Jobs figures and growth rates show economy in decline
WASHINGTON — Another weak jobs report came out last week, drawing yawns from Democrats, excuses from the White House, and shallow, incomplete reporting from the network news shows.
President Obama has just finished a string of speeches on jobs and the economy, issues that pollsters say are the voters’ biggest concerns, but failed to offer any new ideas about how to deal with them.
He traveled around the country repeating the same old ideas he’s pushed since 2009: public works spending for roads, bridges and other infrastructure. They are failed ideas that didn’t work before and won’t work now.
The bleak reality is that the Obama economy, which was growing at a snail’s-pace in his first term, is slowing down even more in his second.

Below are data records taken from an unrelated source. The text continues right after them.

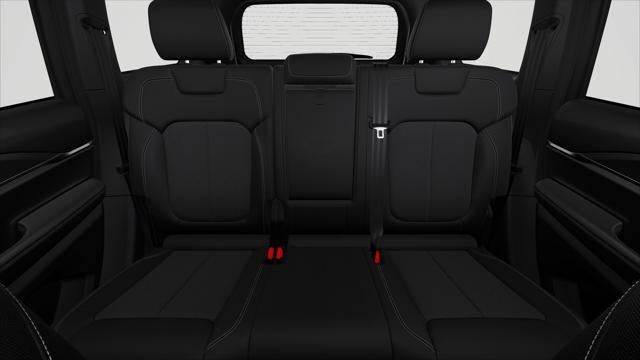 2027 Jeep Grand Cherokee GRAND CHEROKEE LAREDO 4X4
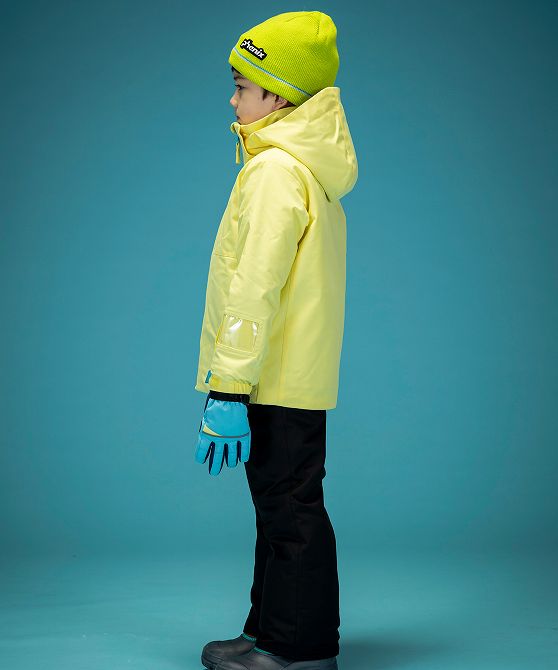 楽天市場】phenix フェニックス Playing in Snow Junior Two-piece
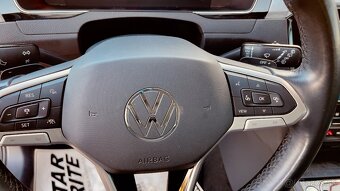 Volkswagen Passat Variant 2.0TDI 110kW DSG - 15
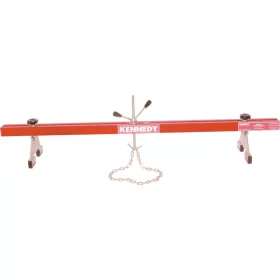 Kennedy motortartó gerenda 500kg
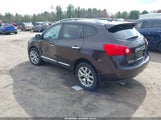 Nissan Rogue Sv JN8AS5MV6BW282523 снимка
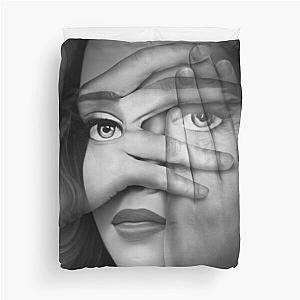 Evanescence  Duvet Cover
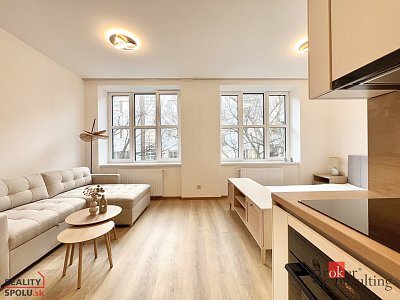 třetí fotografie nemovitosti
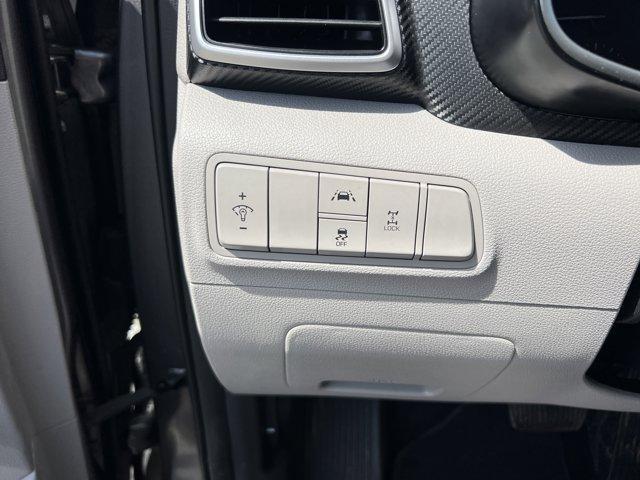 used 2020 Hyundai Tucson car, priced at $14,522
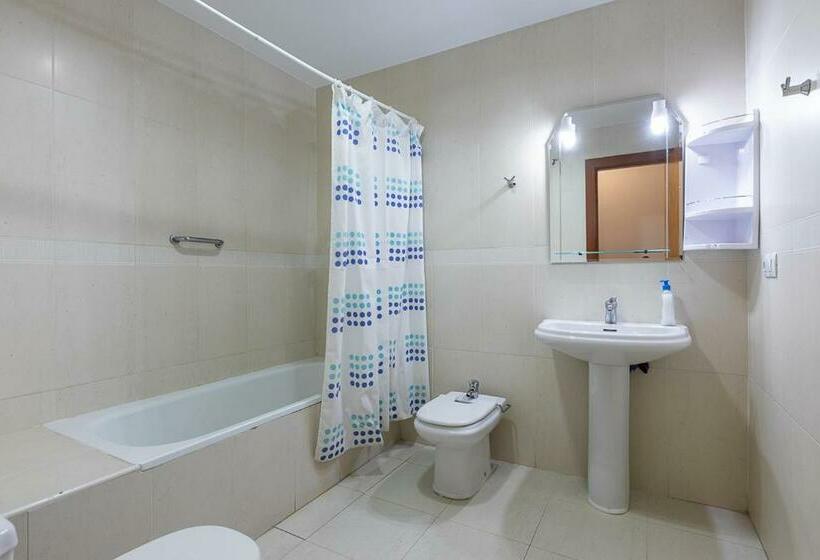 Apartamentos Guerrero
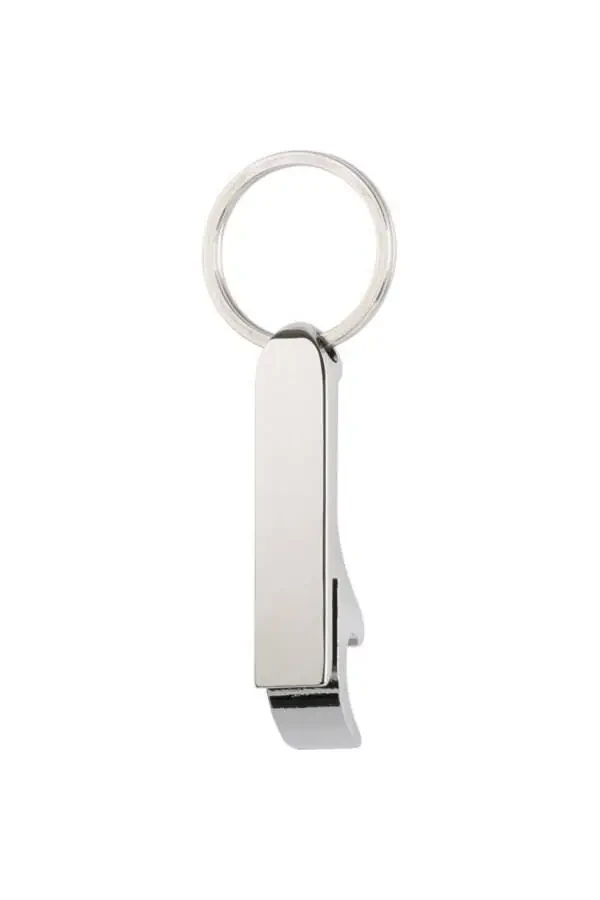 Keychain with Bottle Opener - 1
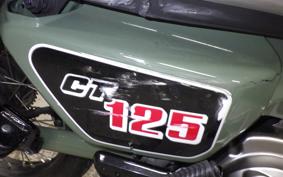 HONDA CT125-2 2021 JA65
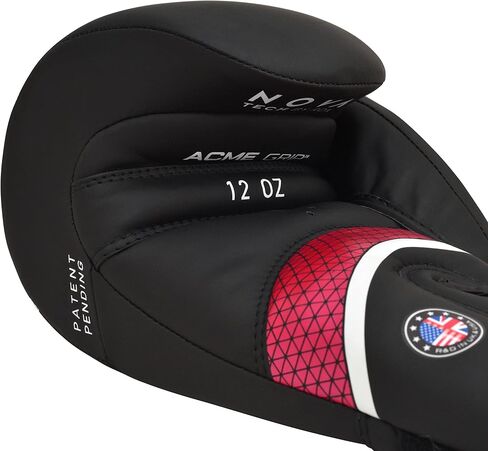RDX T17 Aura Plus Nova Tech Boxing Sparring Gloves in Saudi Arabia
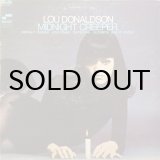 洋楽 Lou Donaldson - Hot Dog Lou Donaldson : Hot Dog (LP, Vinyl record album) -- Dusty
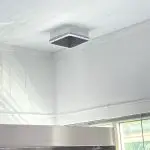 Renovasi Lab RS Santosa Kopo 21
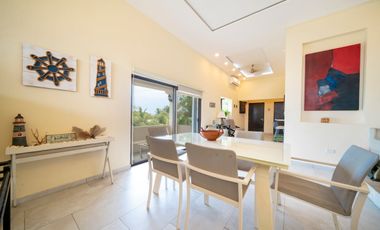 JOYA ESCONDIDA EN LAS CASCADAS, CANCÚN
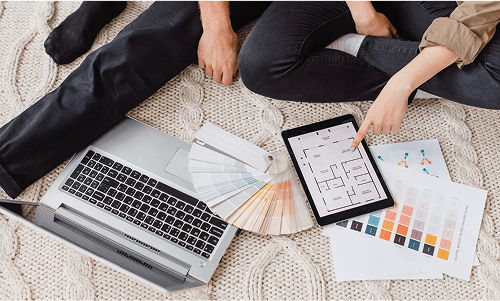 Consultation & Inspiration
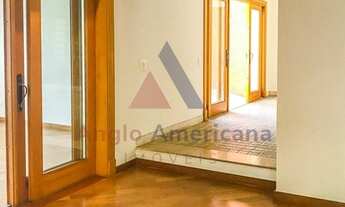 Imagem 6: SãO PAULO - Casa de Condomínio - Alto da Boa Vista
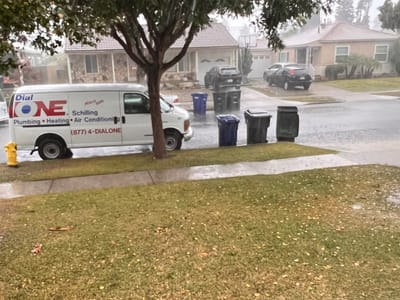 Dial ONE Schilling Plumbing Heating & Air Conditioning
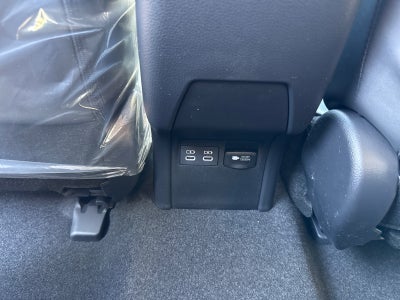 2026 Toyota Prius Plug-In Hybrid 4DR NIGHTSHADE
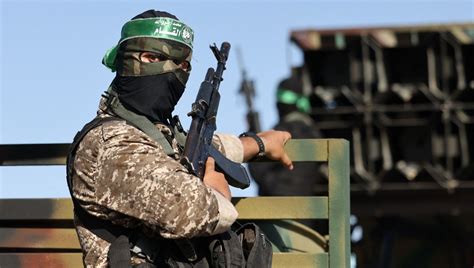 "A Gaza noi di Hamas non ci siamo arresi. E abbiamo dimostrato che ...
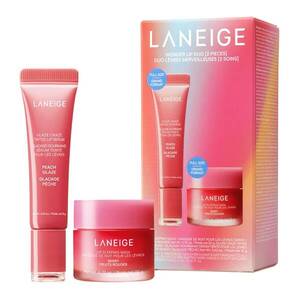 LANEIGE - Wonder Lip Duo – Sada denní a noční péče o rty v limitované edici obraz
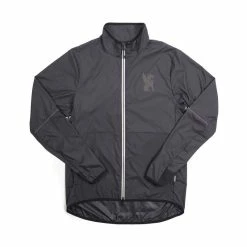 Veste Chrome Wind Cobra 2.0 -VTC électriques Soldes veste chrome wind cobra 20 5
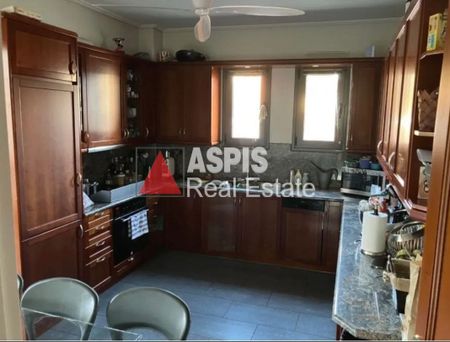 Διαμέρισμα για ενοικίαση Κηφισιά - Photo 5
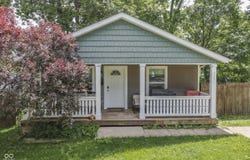 918 N Woodburn Avenue, Bloomington, IN 47404
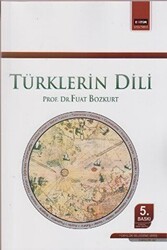 Türklerin Dili - Eğitim Yayınevi - Ders Kitapları
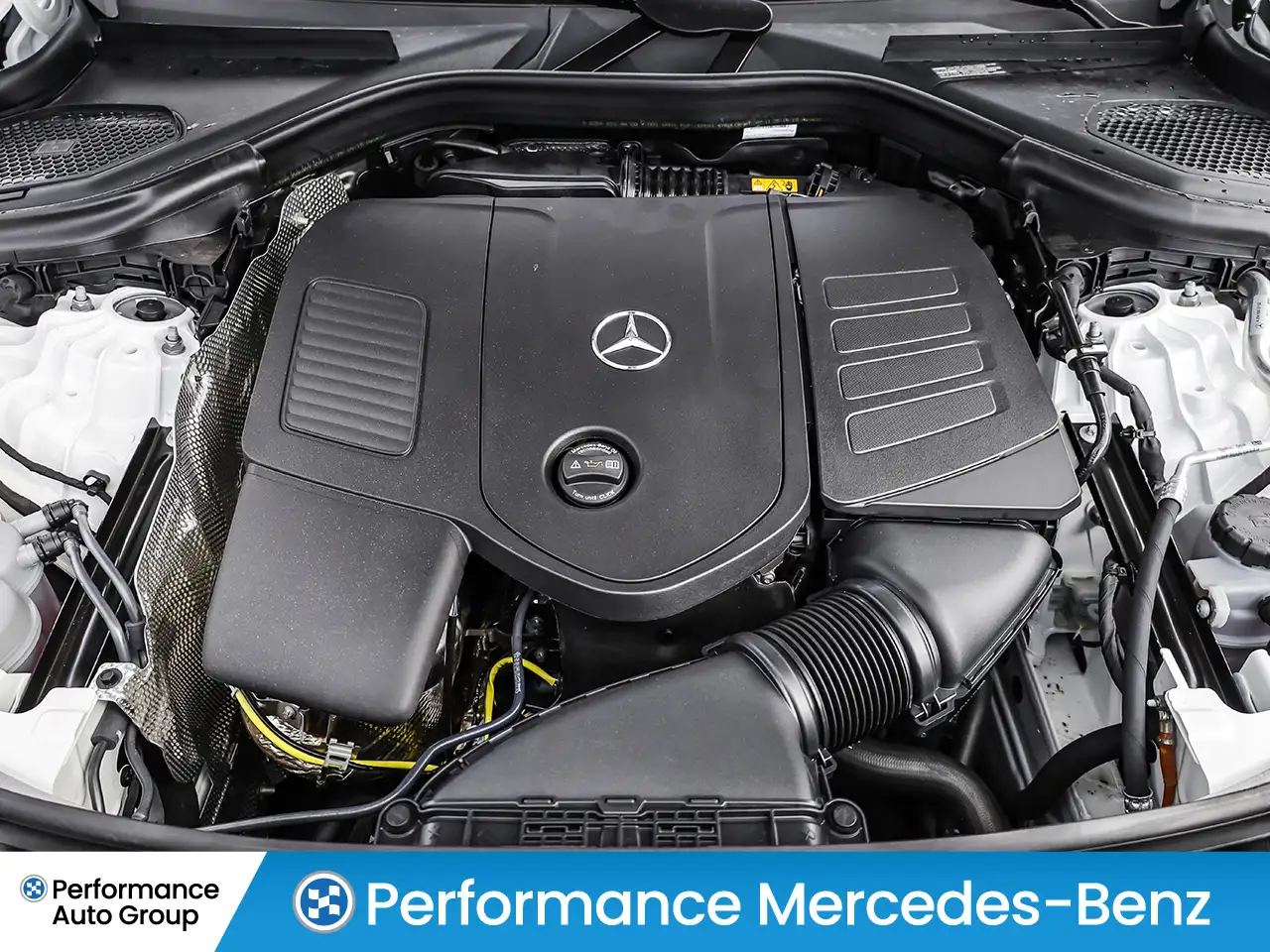 Mercedes-Benz GLC - Image 5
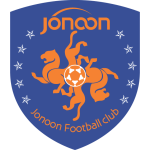 Emblema Qingdao Jonoon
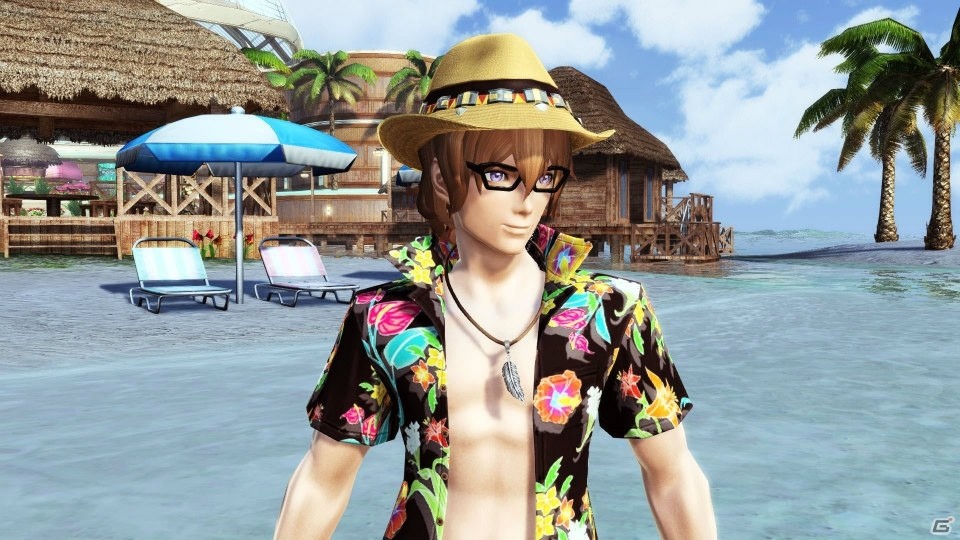 「PSO2」にゴジラロビー＆小林幸子さんのステージライブイベントが出現！ストーリーでは新キャラクターも登場の画像99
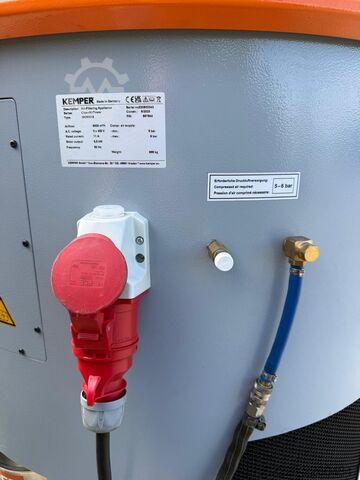  KEMPER CleanAirTower
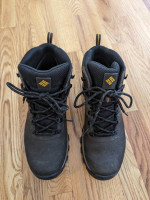 Columbia – Men’s Winter/Hiking Boot, Size 11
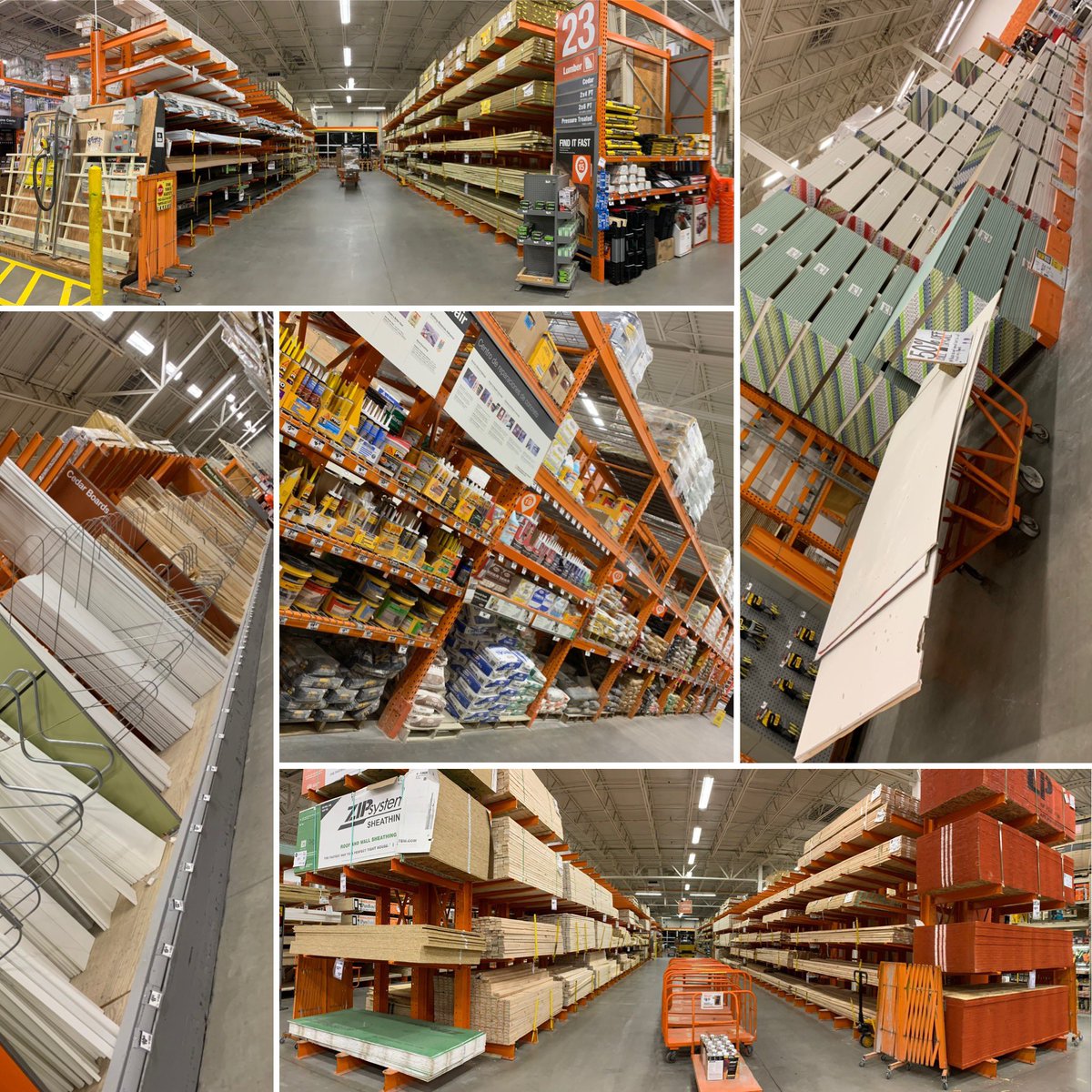 MatthewDowdle's tweet photo. D21/22 Department looking great. 8996 ready for action. Bring on spring. https://t.co/GVbig74YbT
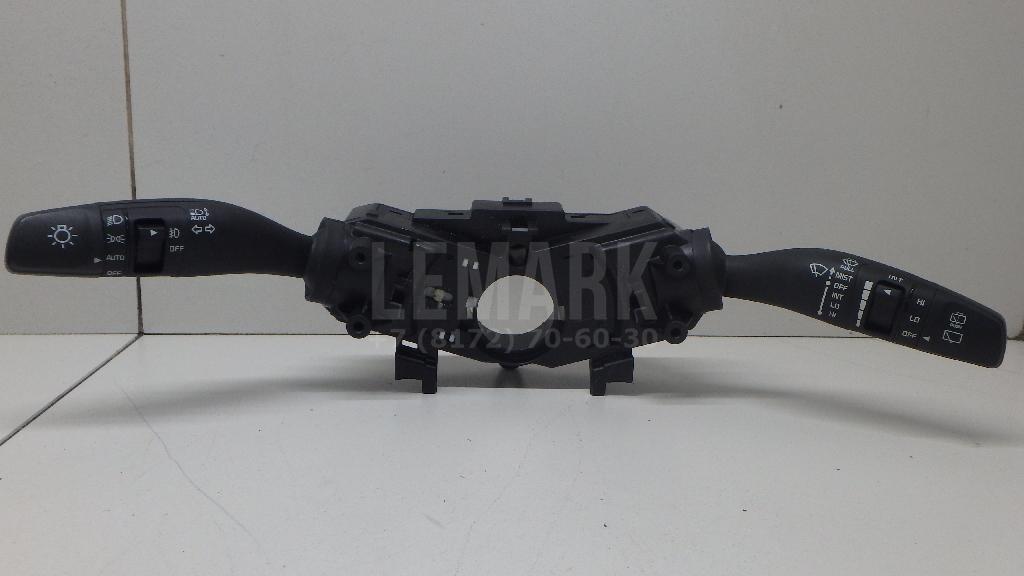 Переключатель подрулевой в сборе 93406D9752 Hyundai-Kia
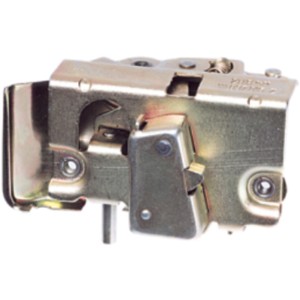 FECHADURA PORTA FUSCA 59/77  LE - 20289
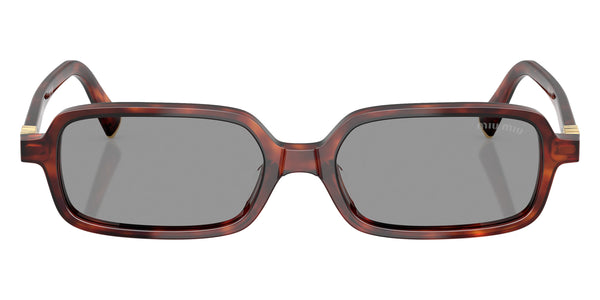 Havana Mahogany / Gray / 52-15-140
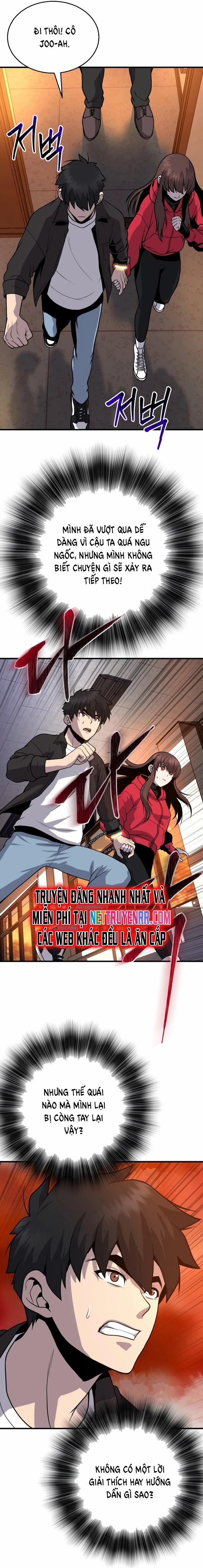 Không Khoan Nhượng 1 trang 54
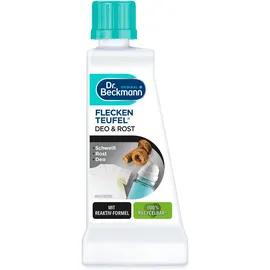 Dr. Beckmann Fleckenteufel Textil-Fleckenentferner Fluid 50 ml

Economic growth, as measured by our gross domestic product, grew at a barely breathing 1.4 percent annualized rate in the first six months of this year. That’s down from 2.5 percent over the same period in 2012. This isn’t just a statistic: It’s the falling pulse rate of the U.S. economy.
The Labor Department’s employment report last Friday showed the economy added a minuscule 162,000 jobs in July, out of a labor force of about 160 million Americans. A large number of these jobs were in temporary, part-time, low-paying work, and nowhere near levels needed to bring unemployment down to more normal levels.
Left out of many network news stories was the fact that the government also reduced its job-creation estimates for the previous two months, and said that workers not only earned less but worked fewer hours, too.
Obama has been saying for more than four and a half years that the economy’s getting better, that it is “moving in the right direction.” But the same could be said about a student who was getting F’s on his report card and is now getting D’s.
The news media had been hyping the expected jobs number for weeks, pushing the administration’s line — and that of independent forecasters — that July’s figures could top 200,000.
But the anemic, temp-heavy, 162,000 figure made all of those hyped jobs reports and claims that the U.S. was in a full recovery look ridiculous and even duplicitous.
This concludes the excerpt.